Product Returns: Another Moment of Truth

I’ve said in the past that last-mile delivery is a new moment of truth, a moment where you can further delight your customer and strengthen your brand reputation, or a moment where you can potentially lose a customer for life.

But is it the last moment of truth?

Not if you need to return an item. How companies manage the returns process is yet another opportunity to either delight a customer or lose them for life.

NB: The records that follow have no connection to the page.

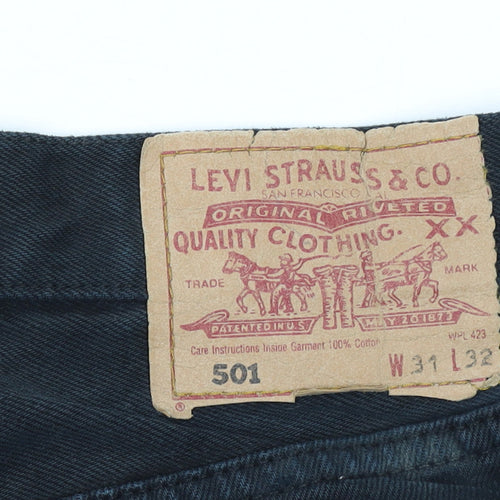 Levi's 501 Men's Blue Denim Straight Jeans W31 L32 Classic Fit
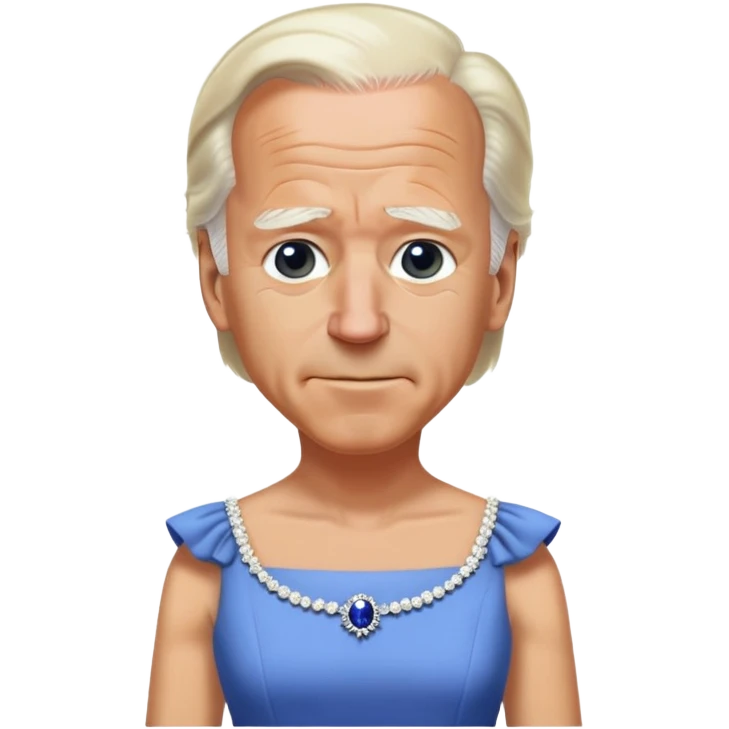 Joe Biden wearing a dress emoji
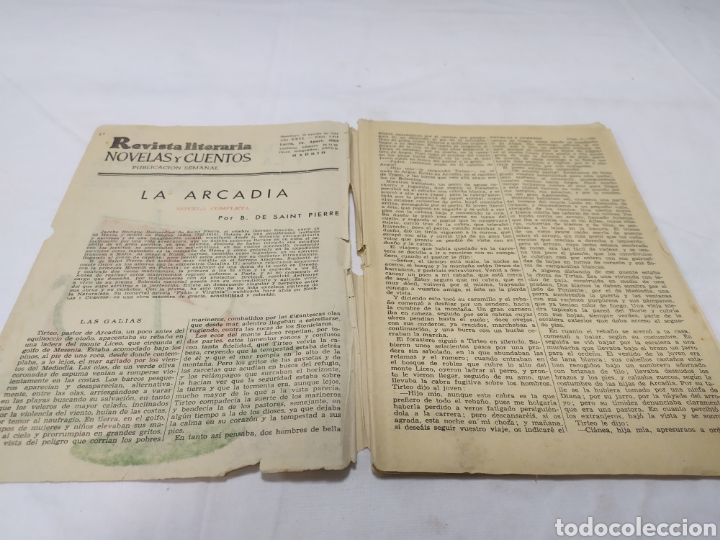 Libros de segunda mano: La arcadia y la caba&ntilde;a india, B. de Saint Pierre, 1954 - Foto 3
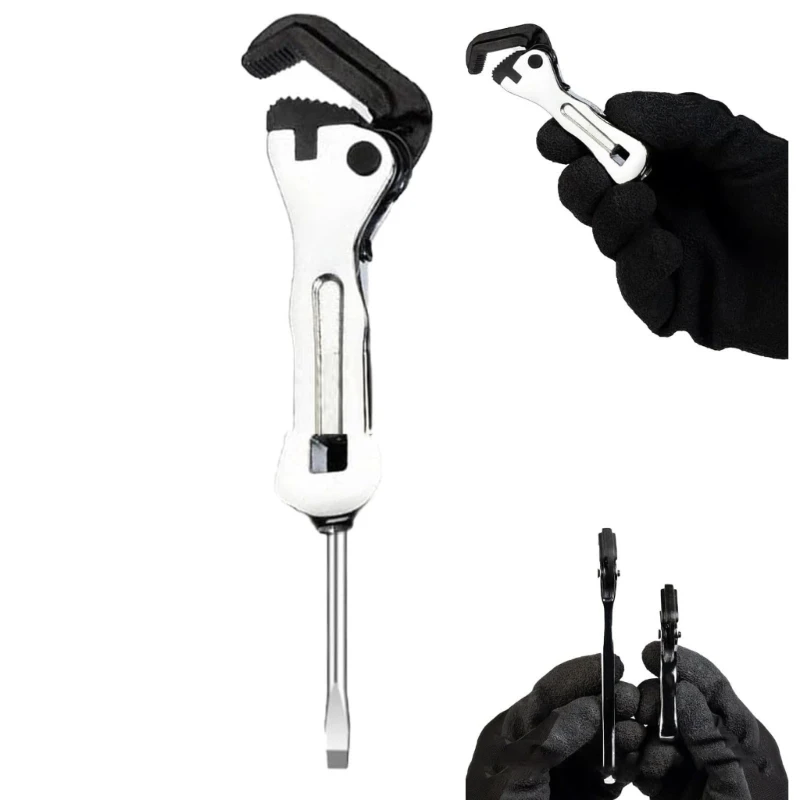 Essential Miniature Rough Wrench Spanner Self Adjusting for DIYer Enthusiasts&Mechanics, Flexible Use in Limited Access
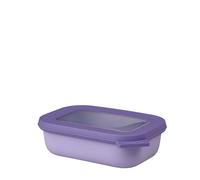 Mepal - Bol multi-usage rectangulaire Cirqula - Nordic lilac - capacité 500 ml - couvercle amovible - incassable - étanche - stockage au congélateur, stockage à froid - passe au lave-vaisselle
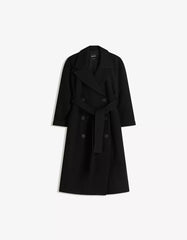 Oversize wool blend coat with belt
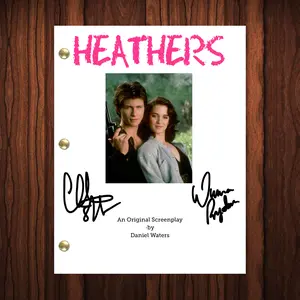Heathers Movie Script Autographed Script Full Screenplay Full Script Reprint Horror Movie Winona Ryder Christian Slater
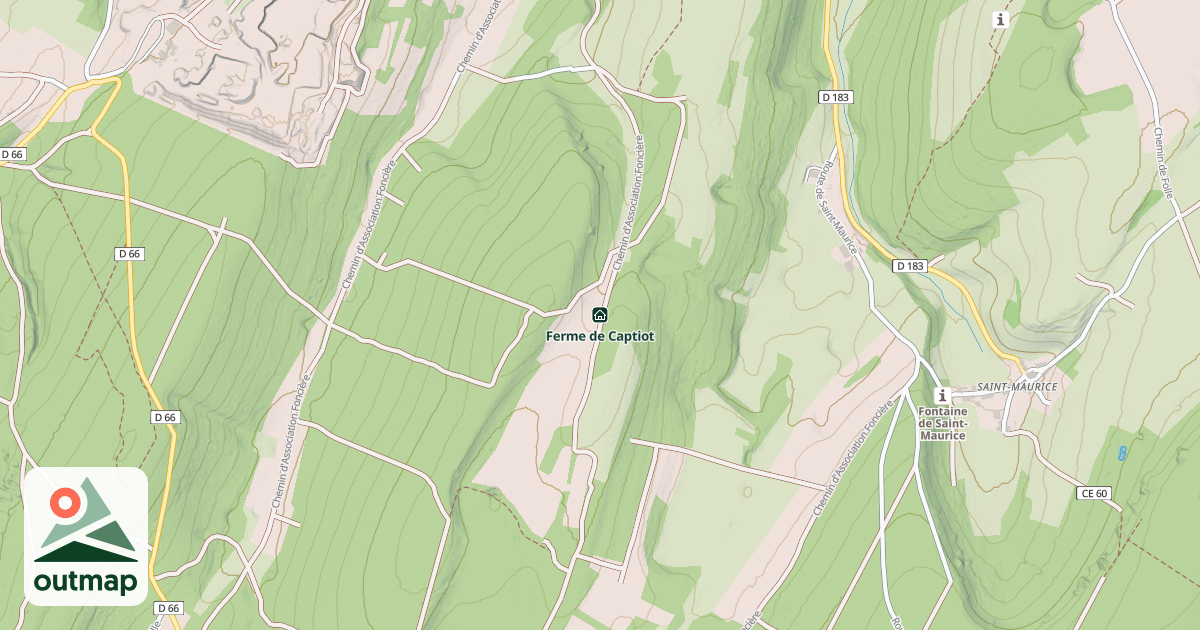 Map of Ferme de Captiot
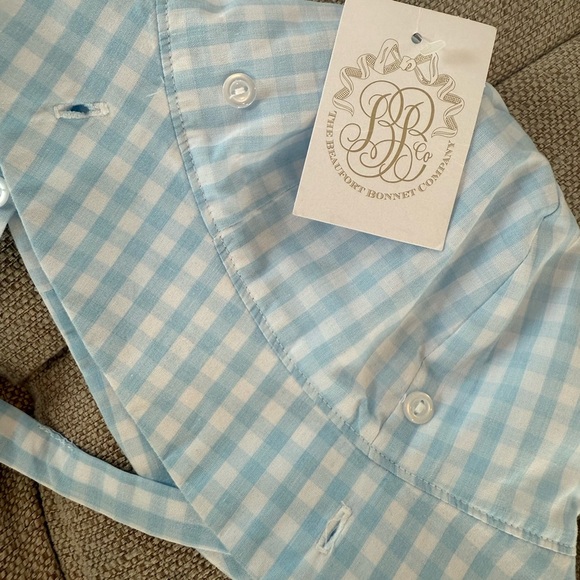 The Beaufort Bonnet Company Beaufort Bucket Sun Hat Gingham NWT Large 18M-3T - Picture 2 of 6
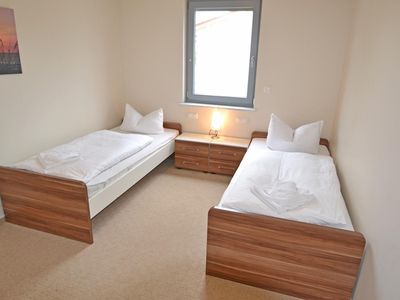 Schlafzimmer mit 2 Einzelbetten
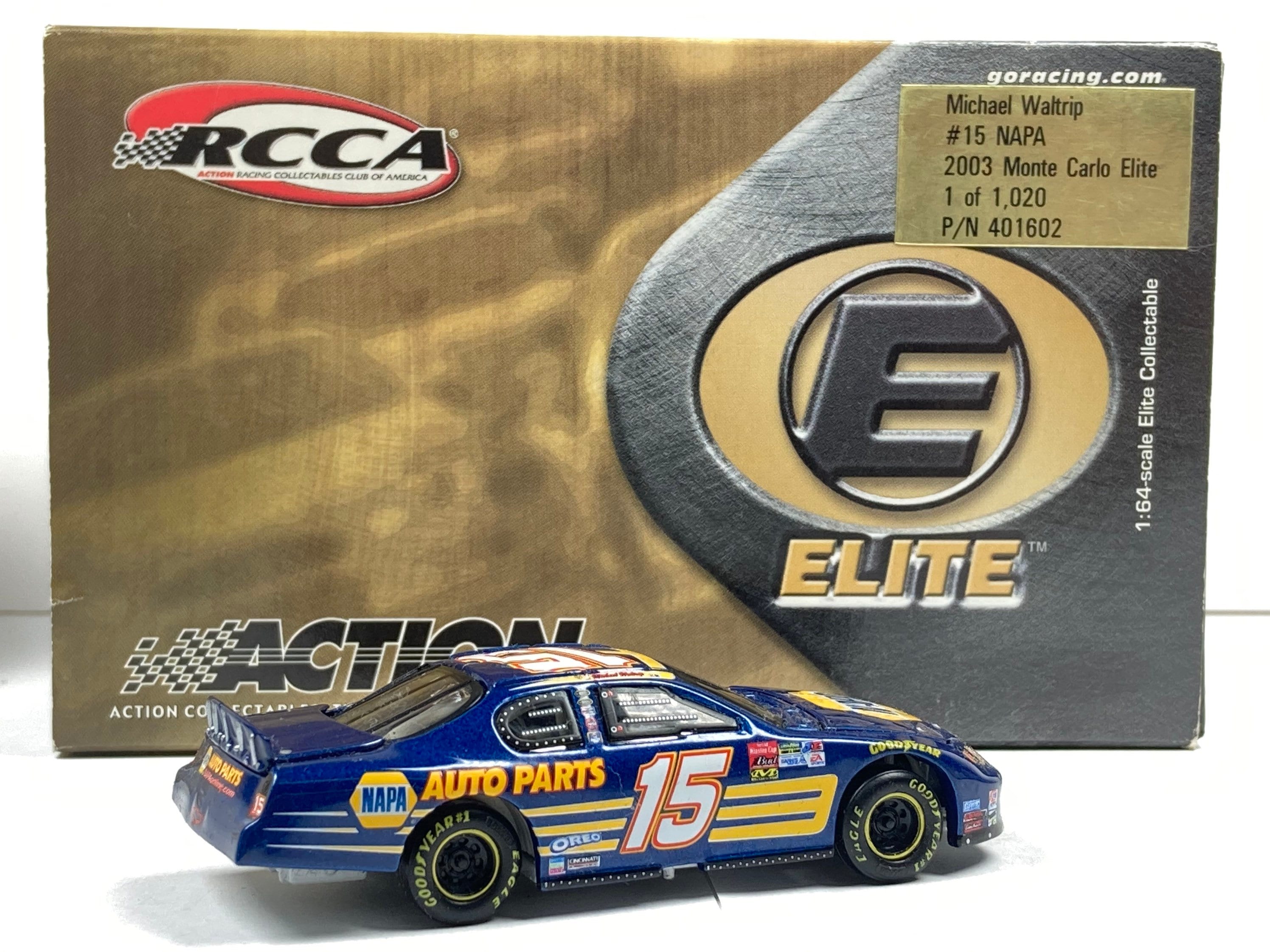 Micheal Waltrip 1/64 NASCAR Action Elite Monte Carlo 15 Napa - Etsy
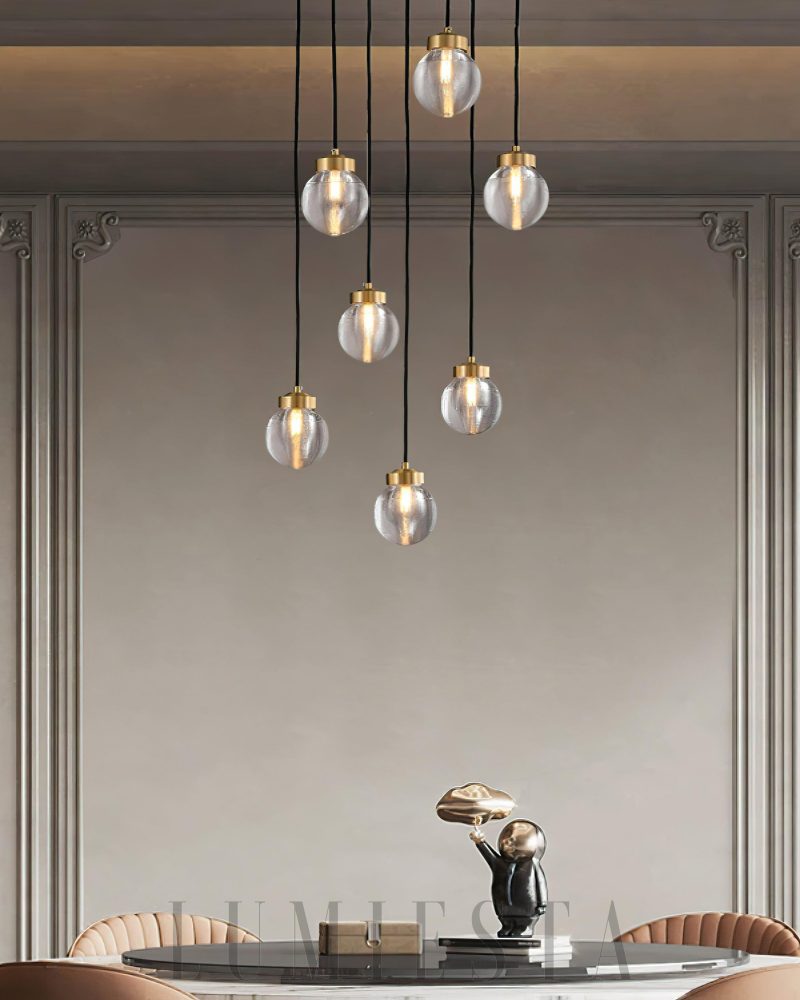 Lampa wisząca Fantasy Pearl Ball w stylu vintage 56cm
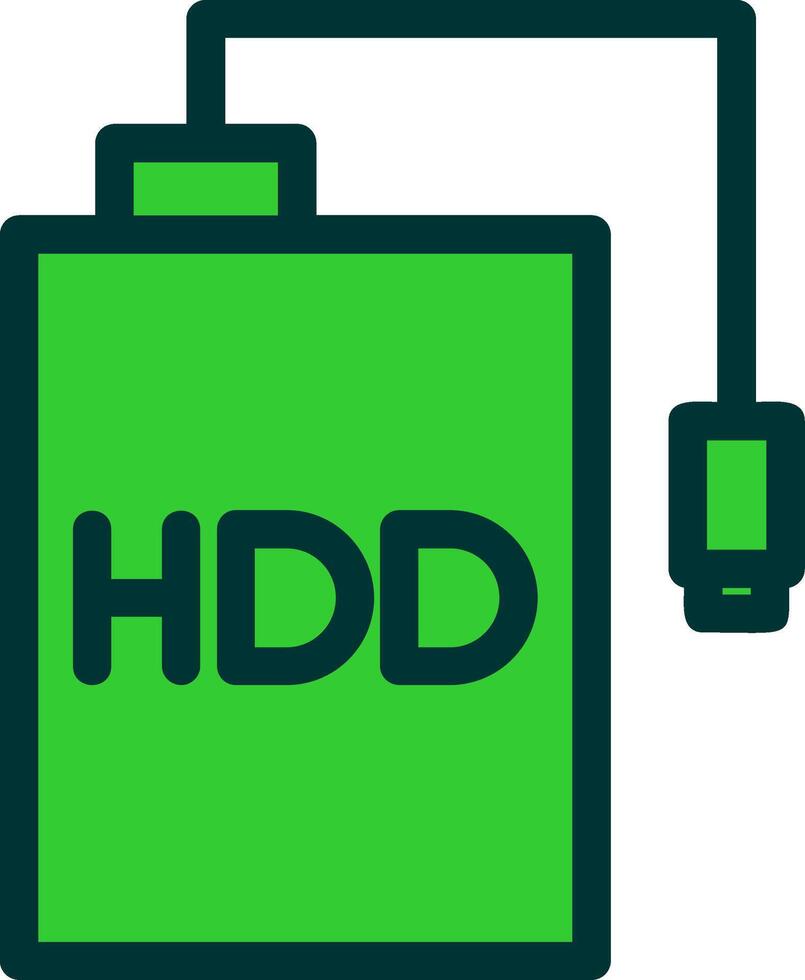 Hdd Colorful Icon Icon vector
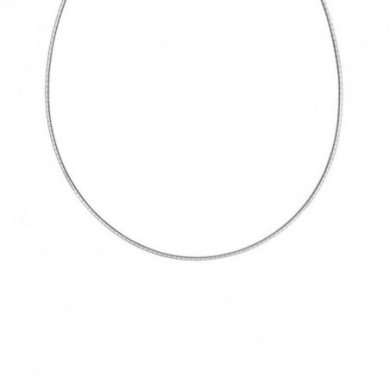 Collier Femme Argent Oméga cable rond semi rigide 1,3mm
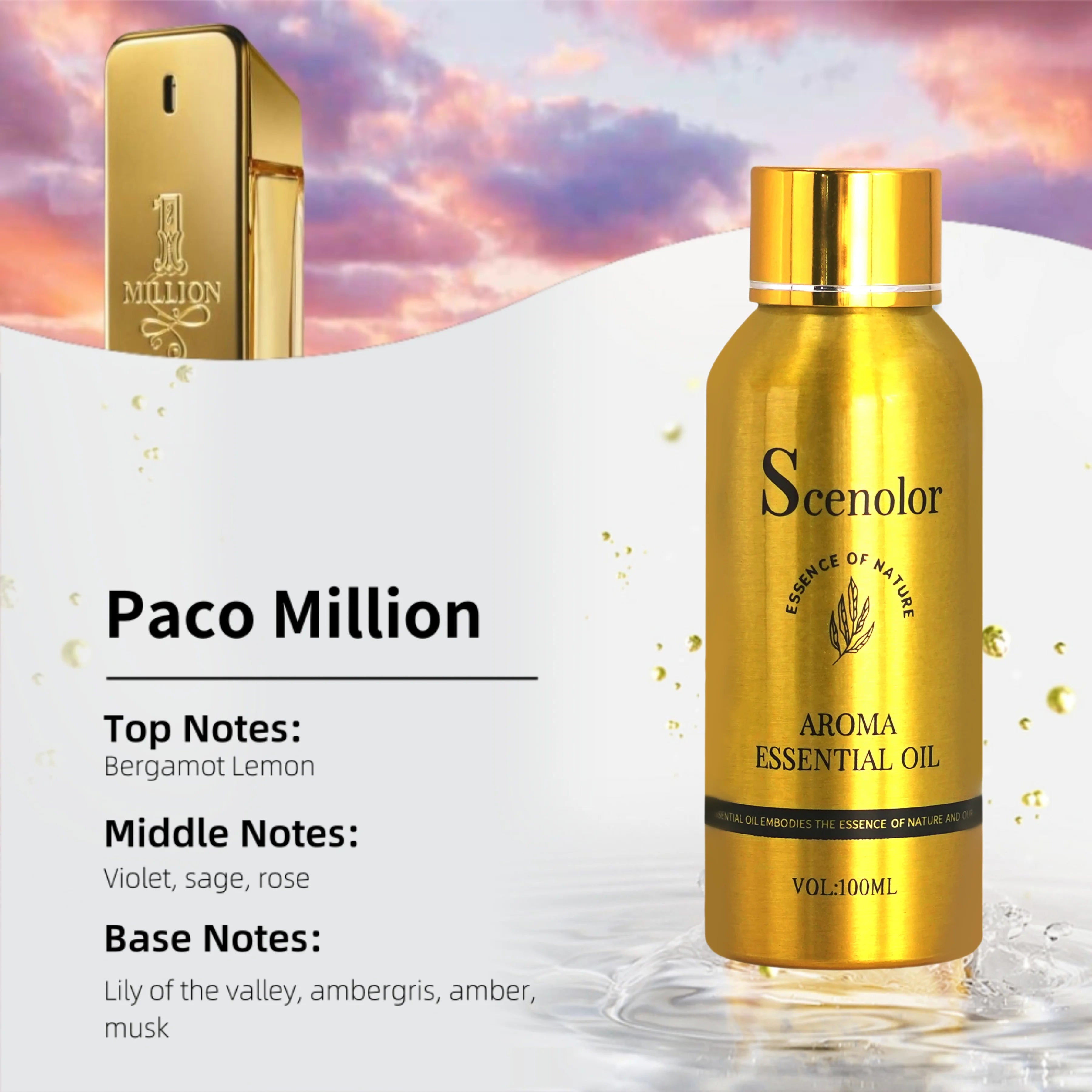 French Oud Fragrance Diffuser Oil (100ml)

As e-commerce sales grow, so does the volume and challenge of product returns. As Jinjoo Lee reported last week in the Wall Street Journal (“Retailers’ Many Unhappy Returns”):

Products and gifts valued at $112 billion to $114 billion could be returned to U.S. retailers after the holiday season, up from $100 billion in 2020 and $95 billion in 2019, according to an estimate from B-Stock Solutions, an online liquidation platform that allows retailers such as Best Buy and Walmart to sell returned or excess inventory to other, typically smaller retailers. United Parcel Service expects to handle more than 60 million return packages from Nov. 14 through Jan. 22, a 10% increase from the previous year.

What I wrote in January 2018 remains fairly true today: Product returns is another example of how “the way we’ve always done it” is just not going to cut it any more. Retailers have been so focused over the past few years on omni-channel retail, on the sell side of e-commerce, that they have virtually ignored (underinvested in) their ability to effectively manage product returns, the hangover headache of e-commerce.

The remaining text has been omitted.